*Record excerpts*

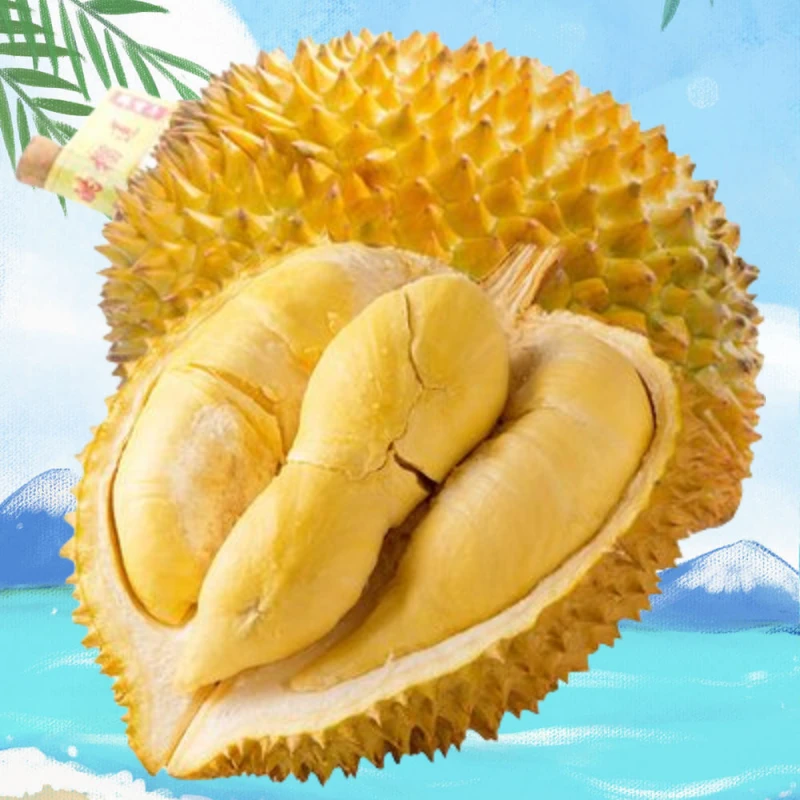 新鲜金枕榴莲4-9斤核小金枕泰国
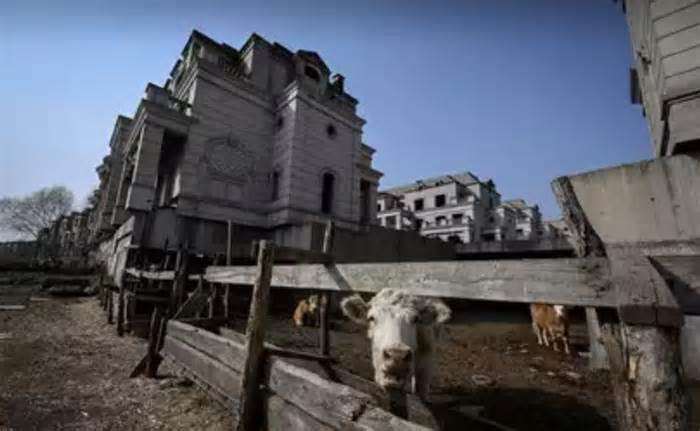 'Thị trấn ma' với hàng trăm biệt thự lớn thành trang trại nuôi bò
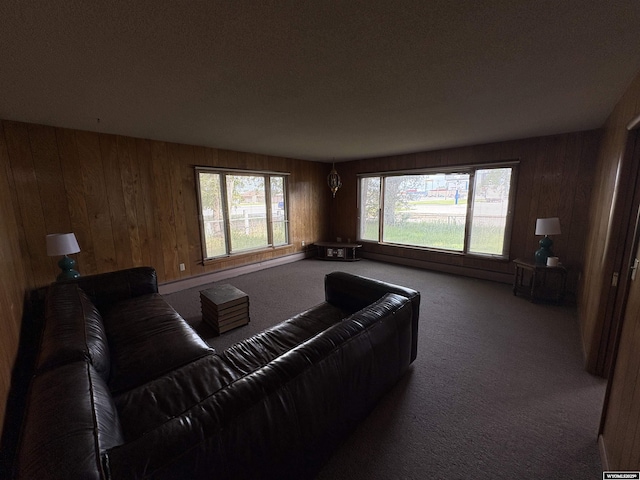 1501 N Federal Blvd, Riverton, WY 82501 - living room with carpet floors and wooden walls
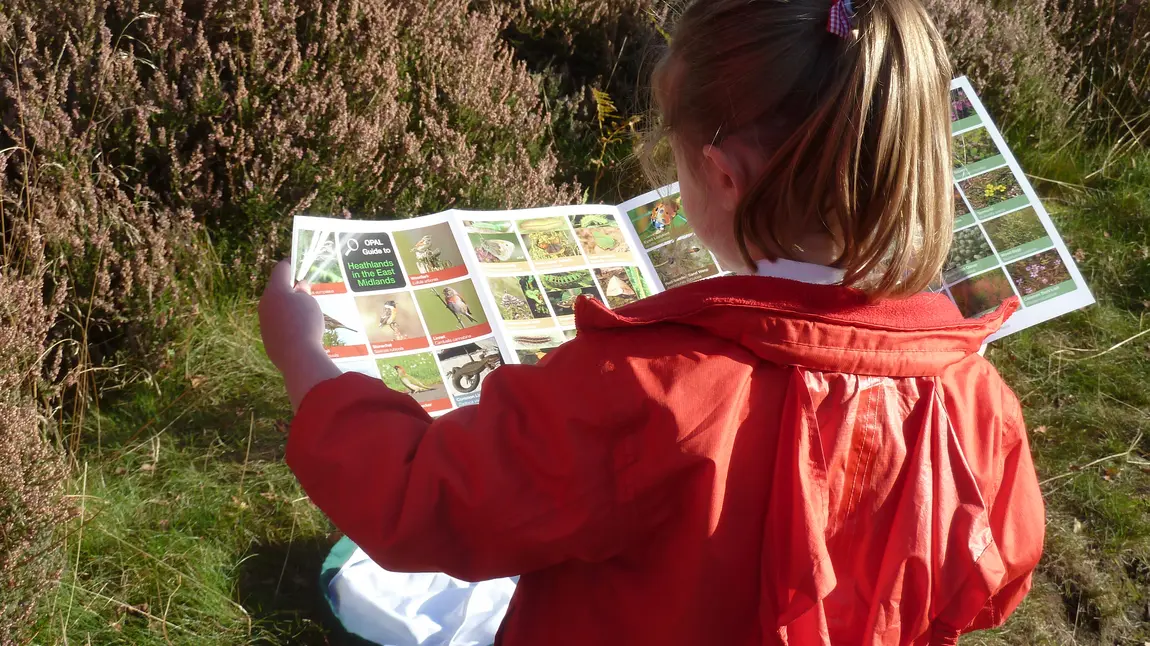 A young volunteer uses a photographic guide at Strawberry Heath Nature Reserve, Rainworth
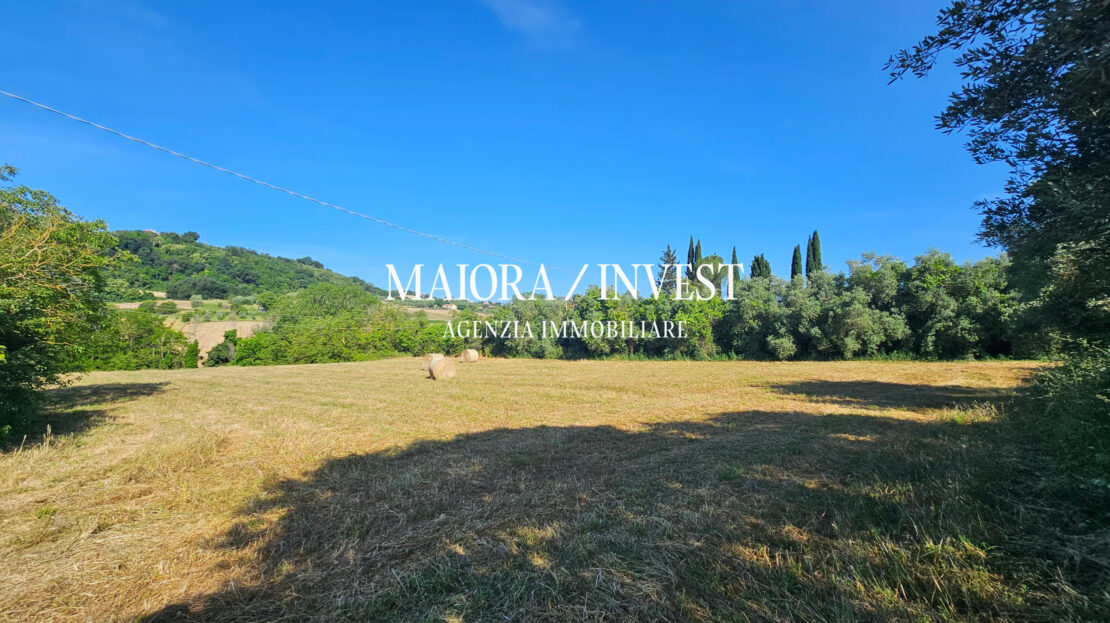 Immagine video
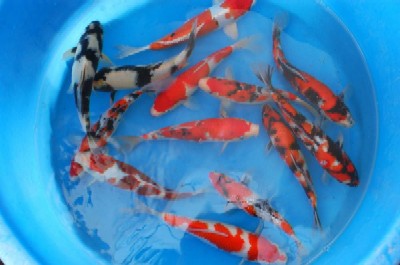 Japan Japanese Koi Carp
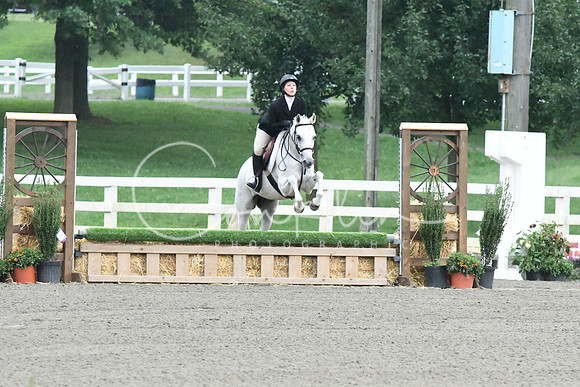 HSM_0878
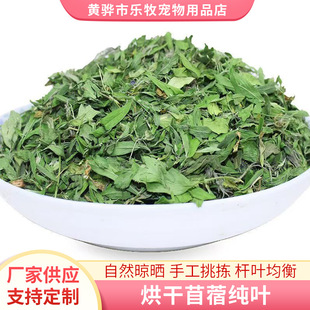 ����ϻ���ޣ�ݼ��~�ɲ����ӼZ������������Ħ������؈����ʳ�ò�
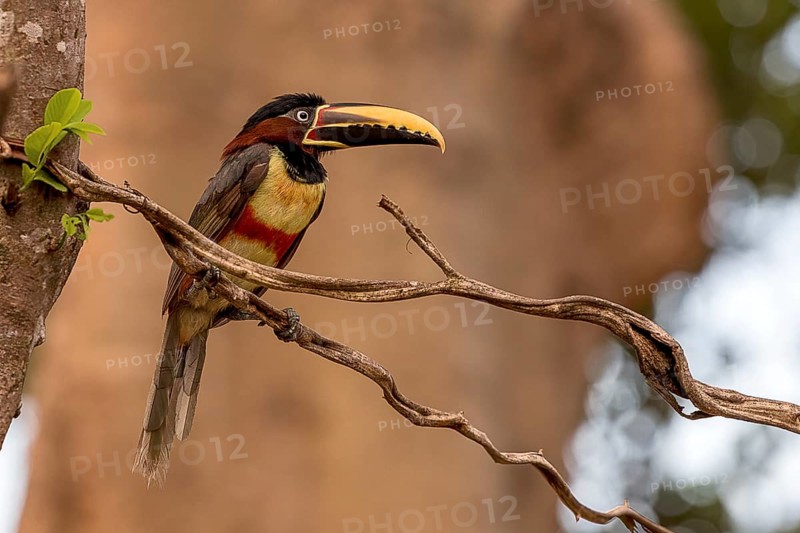 Chestnut-eared aracari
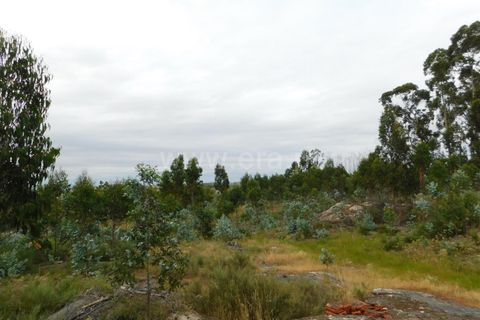 Tomt i Seia, Guarda, Seia - € 30 000 | Ref: 382220306 - foto 8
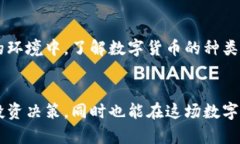 baoti深入了解数字货币的多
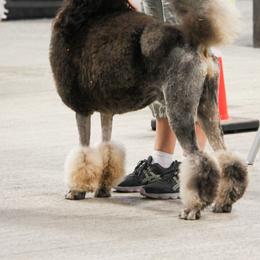 Poodles from Katie Hughes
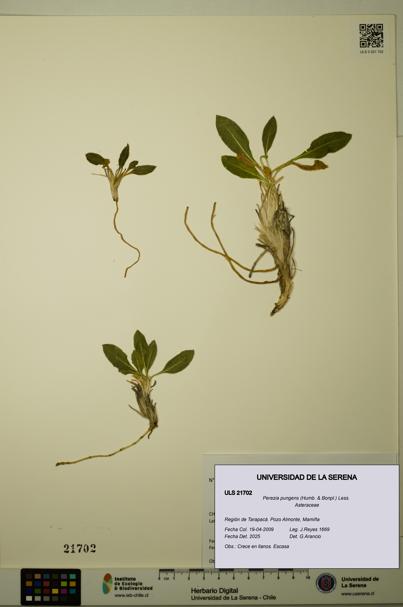 Perezia pungens [Espécimen: ULS:ULS:0021702]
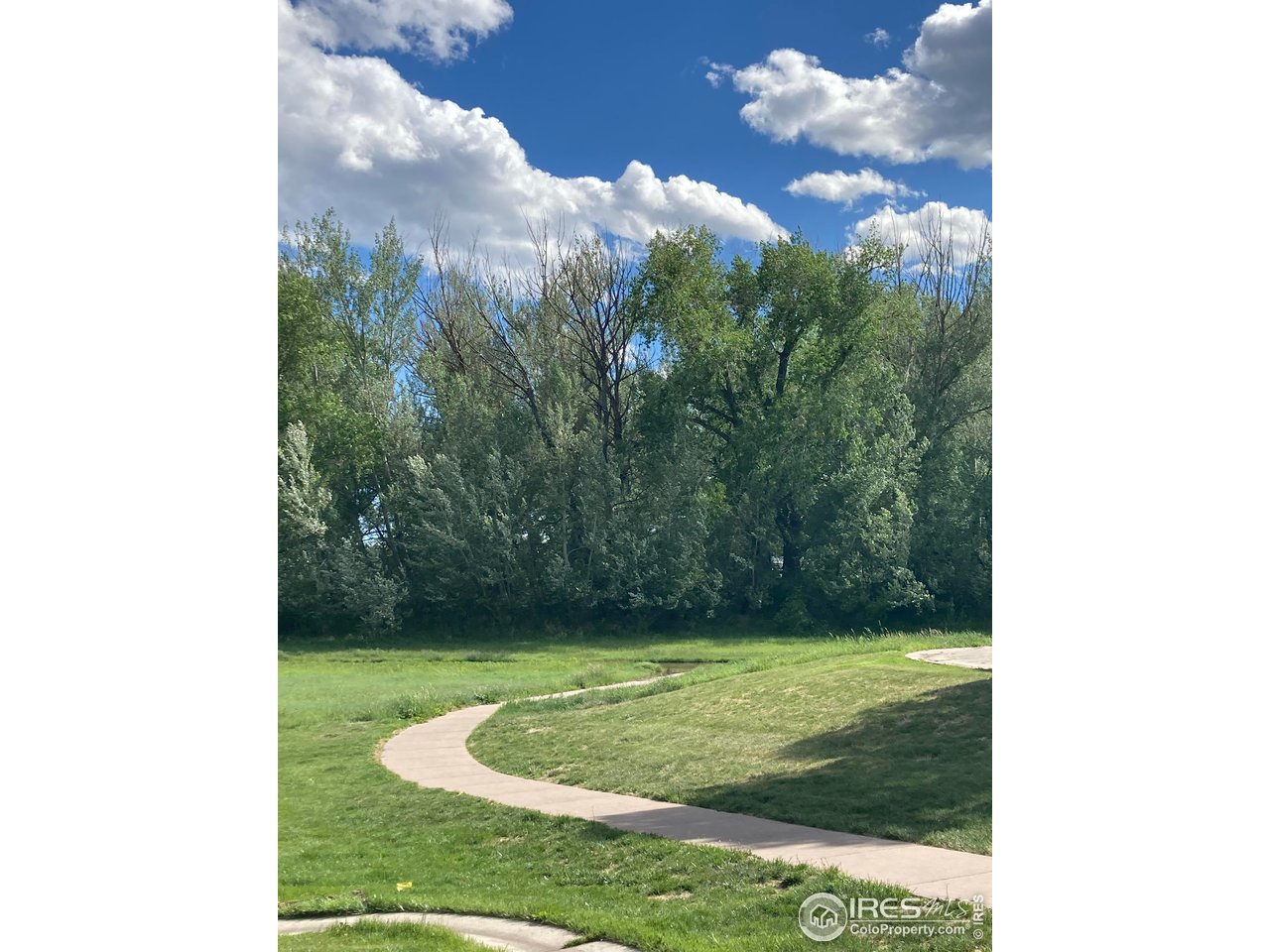 232 Pascal Street Fort Collins, CO 80524 - Photo 8 of 13 a view of a yard in front of a house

*Your goal*
Transcribe the records above exactly, skipping pictures.

*Task output*
 新鲜金枕榴莲4-9斤核小金枕泰国
 'Thị trấn ma' với hàng trăm biệt thự lớn thành trang trại nuôi bò
 1501 N Federal Blvd, Riverton, WY 82501 - living room with carpet floors and wooden walls
 A young volunteer uses a photographic guide at Strawberry Heath Nature Reserve, Rainworth
 Immagine video
 Japan Japanese Koi Carp
 HSM_0878
 ����ϻ���ޣ�ݼ��~�ɲ����ӼZ������������Ħ������؈����ʳ�ò�
 Chestnut-eared aracari
 Tomt i Seia, Guarda, Seia - € 30 000 | Ref: 382220306 - foto 8
 baoti深入了解数字货币的多
 Poodles from Katie Hughes
 Perezia pungens [Espécimen: ULS:ULS:0021702]
 232 Pascal Street Fort Collins, CO 80524 - Photo 8 of 13 a view of a yard in front of a house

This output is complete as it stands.